The Pros and Cons of Rigid Gas Permeable Contact Lenses
What are Rigid Gas Permeable Contact Lenses?
Rigid gas permeable contact lenses (also known as RGP or GP lenses) are hard, durable lenses made from silicone and gas-permeable materials. They are used to correct refractive errors such as nearsightedness, farsightedness, and astigmatism.
Pros of Rigid Gas Permeable Contact Lenses
1. Crisp Vision
One of the biggest advantages of RGP lenses is the clear and crisp vision they provide. They are able to correct higher degrees of astigmatism and irregularly shaped corneas, which can improve visual acuity and reduce the need for glasses.
RGP lenses are very durable and can last up to a year with proper care and maintenance.
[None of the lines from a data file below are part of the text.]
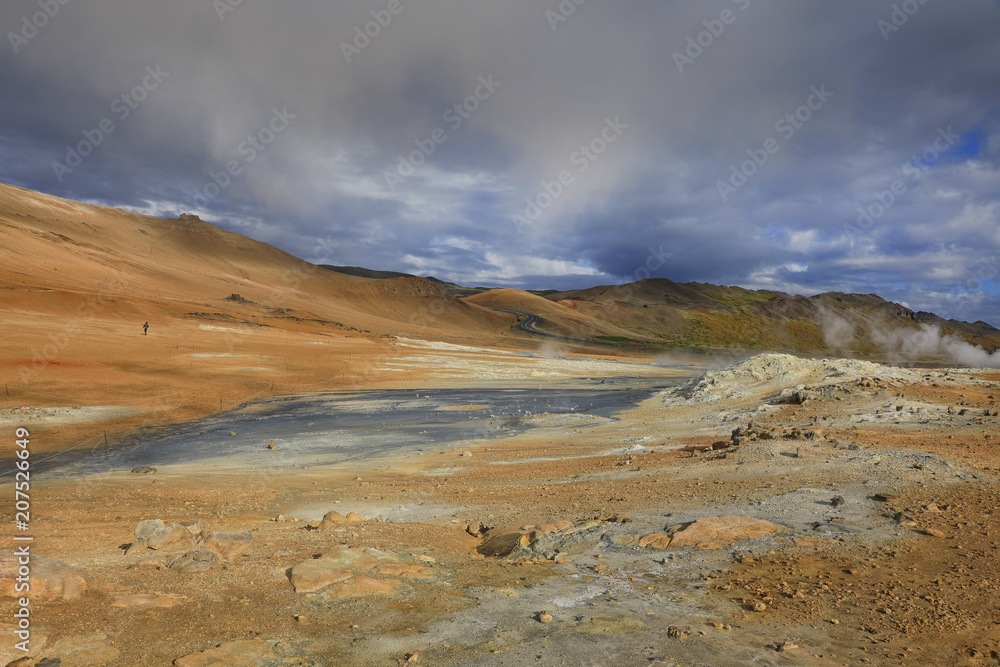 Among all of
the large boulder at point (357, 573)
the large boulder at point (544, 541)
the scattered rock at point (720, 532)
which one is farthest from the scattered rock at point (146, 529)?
the scattered rock at point (720, 532)

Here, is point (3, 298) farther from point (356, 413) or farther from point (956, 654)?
point (956, 654)

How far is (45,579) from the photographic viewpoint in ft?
19.4

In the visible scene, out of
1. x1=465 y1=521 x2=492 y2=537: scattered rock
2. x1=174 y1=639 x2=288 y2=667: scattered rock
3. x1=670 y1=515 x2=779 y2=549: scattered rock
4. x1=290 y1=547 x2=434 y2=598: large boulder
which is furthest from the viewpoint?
x1=465 y1=521 x2=492 y2=537: scattered rock

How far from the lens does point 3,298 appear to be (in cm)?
5009

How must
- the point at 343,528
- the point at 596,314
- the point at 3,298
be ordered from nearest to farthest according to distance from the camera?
the point at 343,528
the point at 3,298
the point at 596,314

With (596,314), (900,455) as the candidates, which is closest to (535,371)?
(900,455)

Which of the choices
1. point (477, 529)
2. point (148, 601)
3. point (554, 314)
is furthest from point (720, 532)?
point (554, 314)

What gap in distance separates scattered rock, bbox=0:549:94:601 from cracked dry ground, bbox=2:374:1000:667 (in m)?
0.17

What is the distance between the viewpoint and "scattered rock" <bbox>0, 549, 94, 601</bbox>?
572 cm

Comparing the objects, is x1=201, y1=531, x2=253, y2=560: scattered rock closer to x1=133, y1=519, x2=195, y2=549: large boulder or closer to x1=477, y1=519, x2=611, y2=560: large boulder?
x1=133, y1=519, x2=195, y2=549: large boulder

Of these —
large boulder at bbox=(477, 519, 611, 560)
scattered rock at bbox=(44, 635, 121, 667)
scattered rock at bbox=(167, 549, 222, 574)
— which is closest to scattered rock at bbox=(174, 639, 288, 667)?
scattered rock at bbox=(44, 635, 121, 667)

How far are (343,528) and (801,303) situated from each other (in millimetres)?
208388

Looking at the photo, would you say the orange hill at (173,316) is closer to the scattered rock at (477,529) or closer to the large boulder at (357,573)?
the scattered rock at (477,529)

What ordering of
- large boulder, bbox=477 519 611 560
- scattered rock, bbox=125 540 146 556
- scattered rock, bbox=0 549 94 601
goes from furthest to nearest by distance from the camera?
large boulder, bbox=477 519 611 560, scattered rock, bbox=125 540 146 556, scattered rock, bbox=0 549 94 601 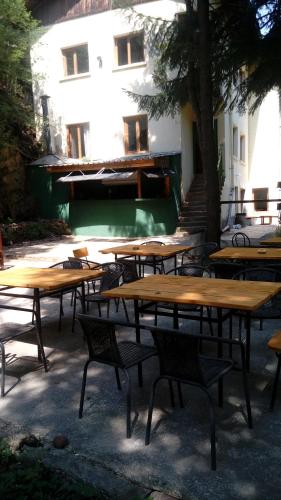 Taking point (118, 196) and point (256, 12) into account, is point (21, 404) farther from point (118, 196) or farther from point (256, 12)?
point (118, 196)

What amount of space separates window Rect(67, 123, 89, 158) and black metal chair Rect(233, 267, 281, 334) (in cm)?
1355

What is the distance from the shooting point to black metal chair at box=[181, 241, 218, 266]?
22.9 feet

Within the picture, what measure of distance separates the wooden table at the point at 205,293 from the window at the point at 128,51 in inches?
537

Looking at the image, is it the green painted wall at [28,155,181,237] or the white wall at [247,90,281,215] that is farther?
the white wall at [247,90,281,215]

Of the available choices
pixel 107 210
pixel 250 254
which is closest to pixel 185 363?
pixel 250 254

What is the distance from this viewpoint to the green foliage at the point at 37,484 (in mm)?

They are less prone to tearing or ripping than soft contact lenses, making them a good choice for active individuals.
3. Better Oxygen Flow
RGP lenses allow more oxygen to reach the cornea than soft lenses, helping to reduce the risk of corneal infections and other eye problems.
While the initial cost of RGP lenses may be higher than soft lenses, their durability means they have a lower yearly cost compared to soft lenses that need to be replaced more frequently.
Cons of Rigid Gas Permeable Contact Lenses
1. Initial Discomfort
Unlike soft lenses, RGP lenses take some time to get used to and may cause discomfort initially. However, after an adjustment period, the discomfort typically subsides.
2. Longer Adjustment Period
It can take a few weeks for your eyes to fully adjust to RGP lenses. During this time, your vision may not be as clear as with glasses or soft contact lenses.
3. Require Frequent Cleaning
RGP lenses require daily cleaning and disinfecting, which can be time-consuming and require more effort than soft lenses.
4. Can Dislodge During Physical Activity
RGP lenses may dislodge during physical activity, making them a less desirable option for those who engage in sports or other activities that involve physical contact.
While RGP lenses may have some disadvantages, they offer several advantages over soft contact lenses. They are a good choice for individuals with higher degrees of astigmatism or irregular corneas. While they may take some time to get used to, with proper care and maintenance, RGP lenses can last for a year, making them a cost-effective option in the long run. As with any type of contact lens, it’s important to consult with your eye care professional before making a decision on which type of lens is best for you.